In your copy, drop the images and return each record exactly as it stands.

* _EXTRACTED RECORDS_:
=== Section Start ===

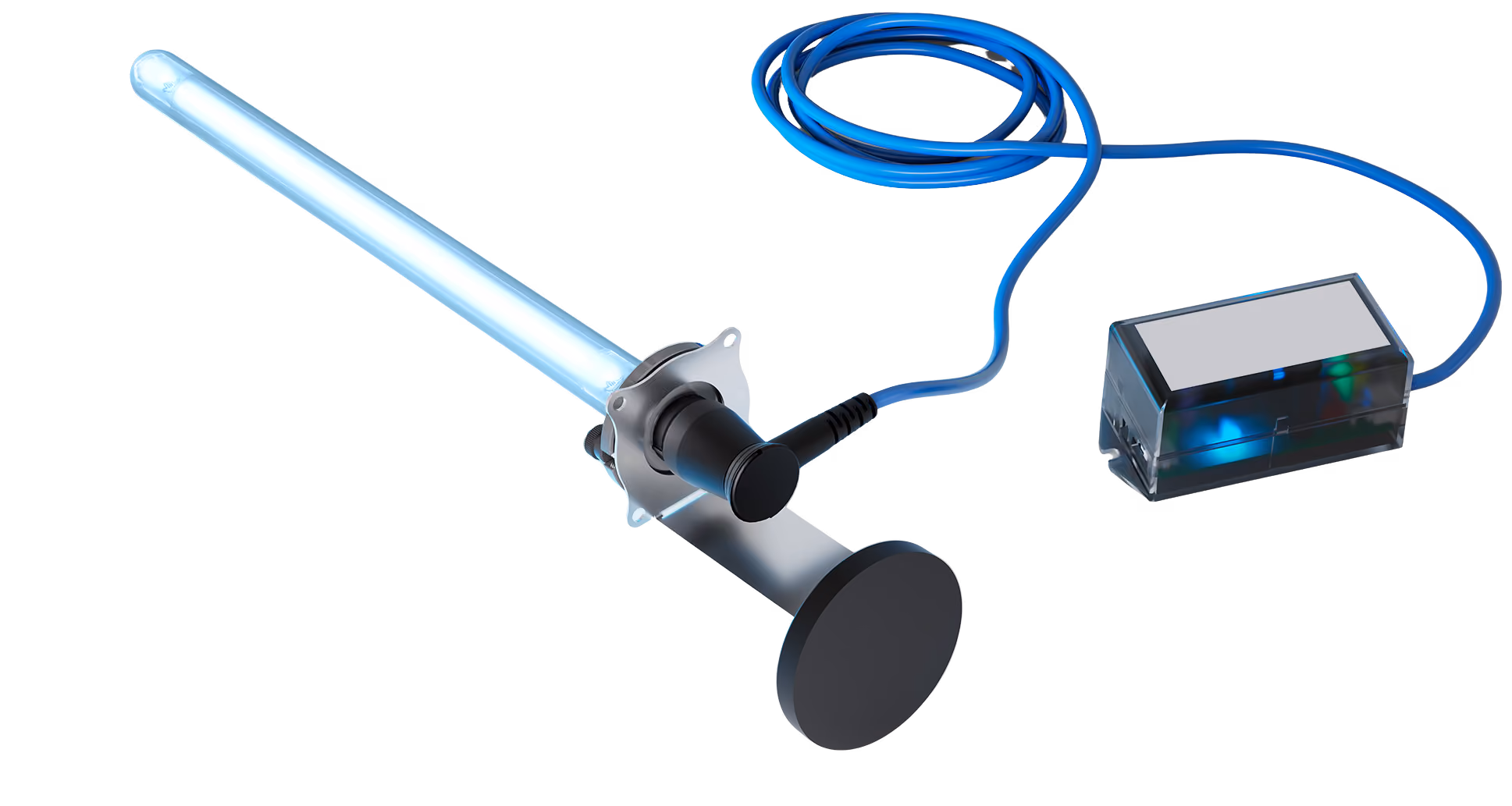 UV light air purifier lamp with control module for HVAC duct installation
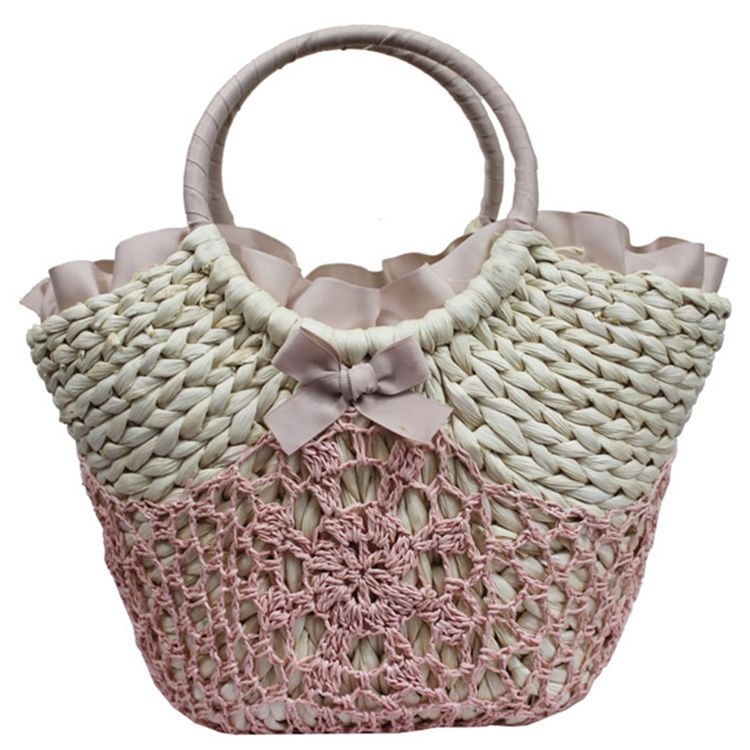 Sac À Main Décontracté En Paille Au Crochet Avec Nœud Papillon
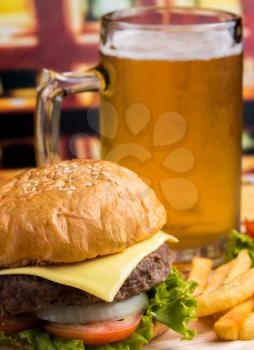 Burger Beer Meal Meaning French Fries And Bun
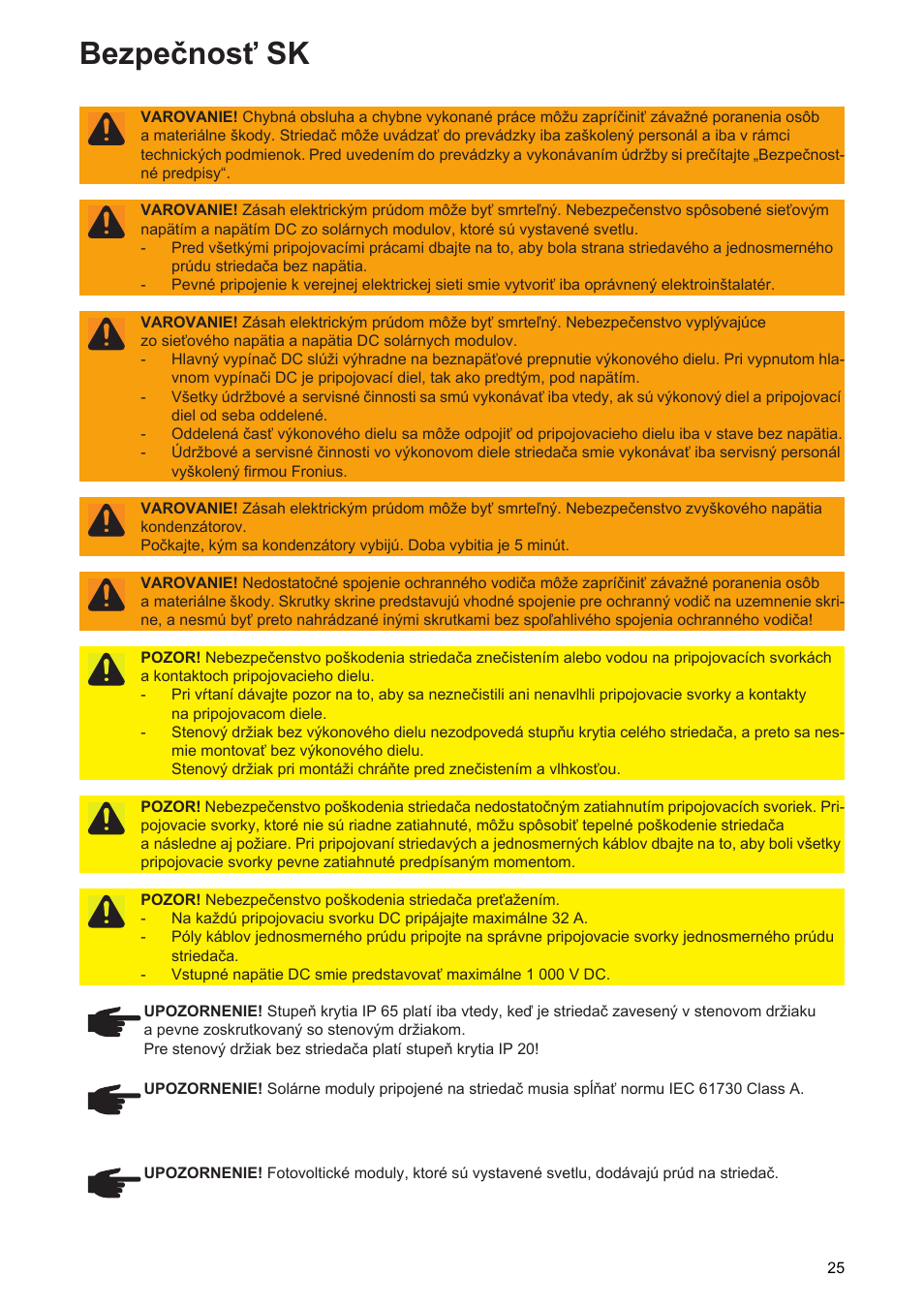 Bezpečnosť sk | Fronius Symo Installation User Manual | Page 27 / 60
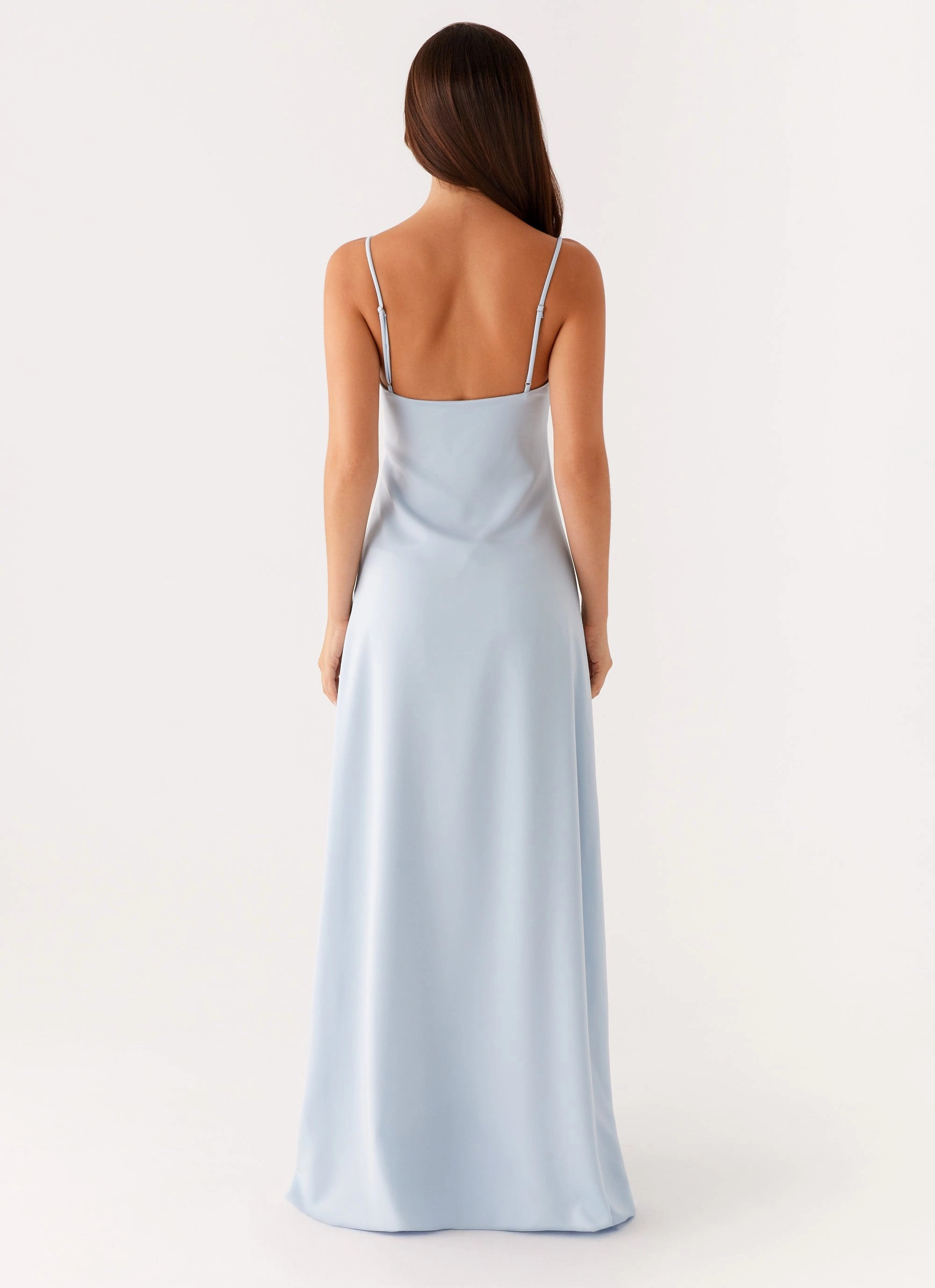 Front-Slit Relax Cut Zelda Maxi Dress - Blue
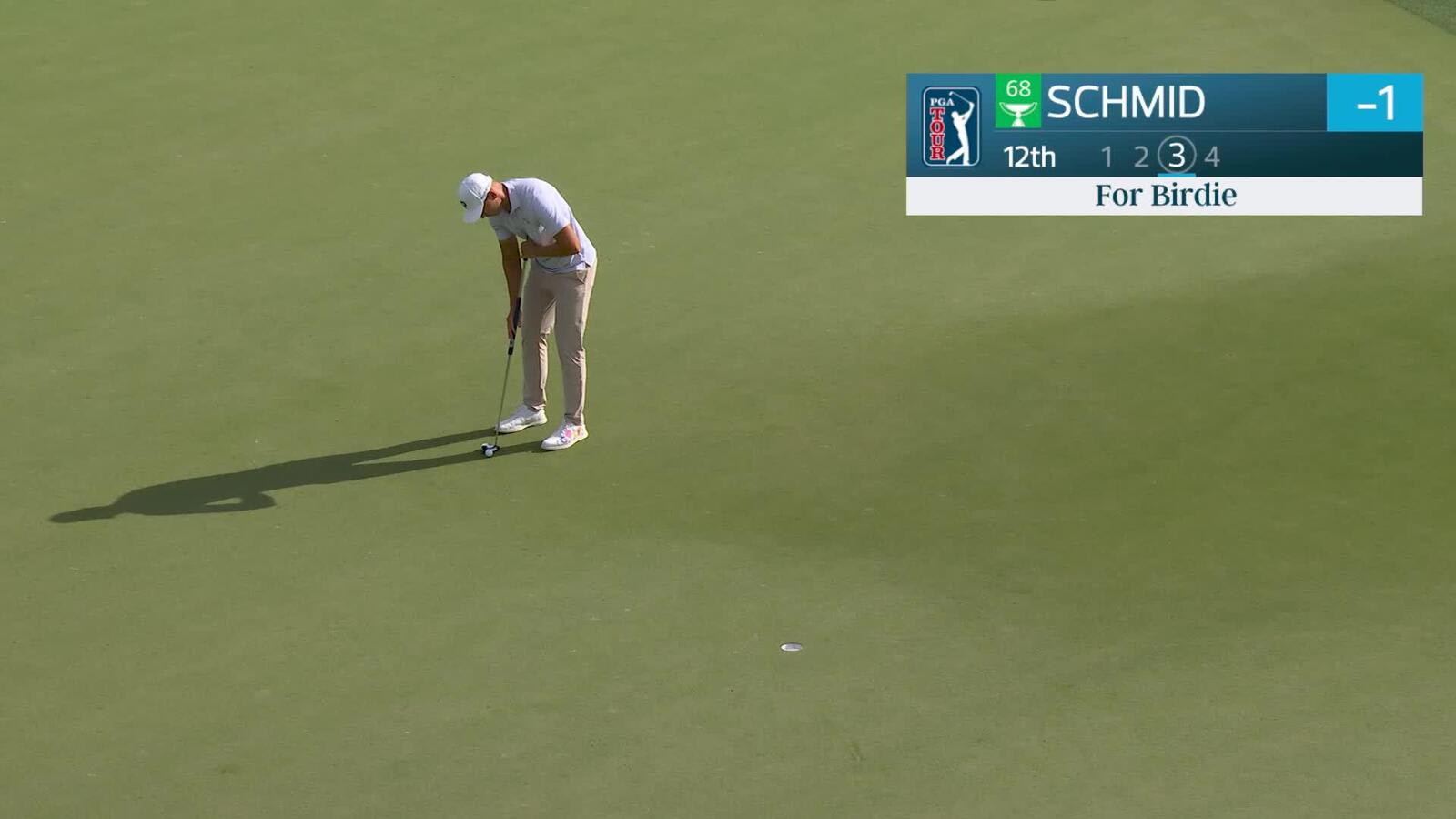 Matti Schmid sinks 11-foot birdie putt on No. 12 at Texas Children's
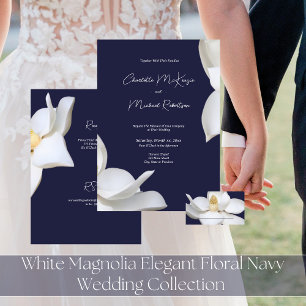 White Magnolia on Navy Elegant Wedding  Classic Round Sticker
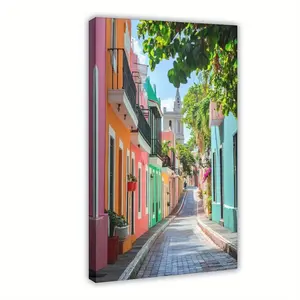 1pc Puerto Rico San Juan Wall Art - Spanish Colonial Architecture, Vertical Wood Framed Canvas Print for Home & Office Decor, Latin -Themed Gift (Easy-Hang Hook System, Spanish-Language Label Option) - San Juan, Christmas Decor	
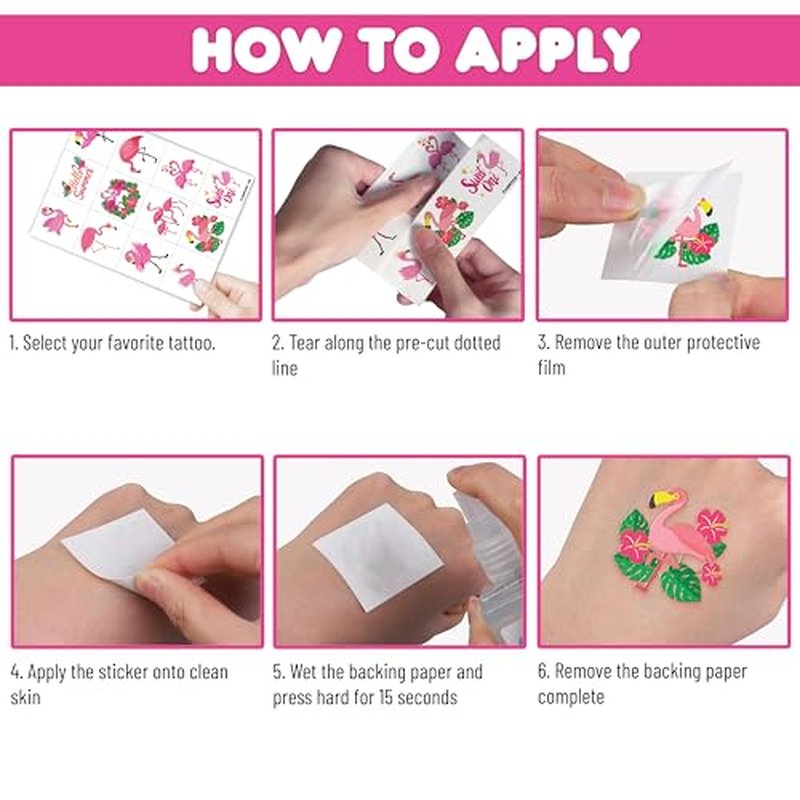 96 PCS Funny Cute Flamingo Summer Hawaiian Luau Pre-Cut Temporary Tattoos for Kids | Super Cute Themed Birthday Party Favors, Supplies, Decorations, Fake Tattoos, Rewards Gifts Boys Girls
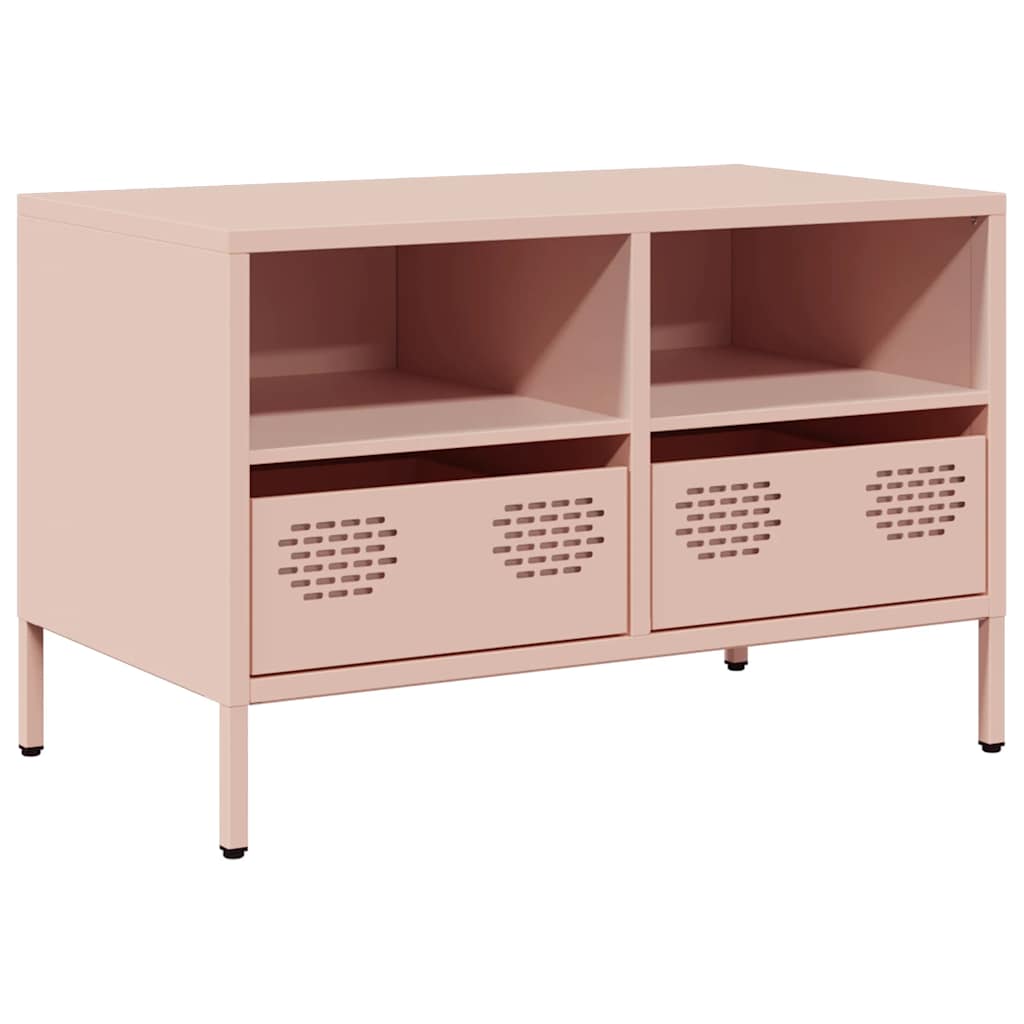 vidaXL Szafka RTV, różowa, 68x39x43,5 cm, stal walcowana na zimno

=== Section End ===

* _PROBLEM SOLUTION_:
 UV light air purifier lamp with control module for HVAC duct installation
 Sac À Main Décontracté En Paille Au Crochet Avec Nœud Papillon
 Burger Beer Meal Meaning French Fries And Bun
 Bezpečnosť sk | Fronius Symo Installation User Manual | Page 27 / 60
 Front-Slit Relax Cut Zelda Maxi Dress - Blue
 Matti Schmid sinks 11-foot birdie putt on No. 12 at Texas Children's
 White Magnolia on Navy Elegant Wedding  Classic Round Sticker
 1pc Puerto Rico San Juan Wall Art - Spanish Colonial Architecture, Vertical Wood Framed Canvas Print for Home & Office Decor, Latin -Themed Gift (Easy-Hang Hook System, Spanish-Language Label Option) - San Juan, Christmas Decor	
 96 PCS Funny Cute Flamingo Summer Hawaiian Luau Pre-Cut Temporary Tattoos for Kids | Super Cute Themed Birthday Party Favors, Supplies, Decorations, Fake Tattoos, Rewards Gifts Boys Girls
 vidaXL Szafka RTV, różowa, 68x39x43,5 cm, stal walcowana na zimno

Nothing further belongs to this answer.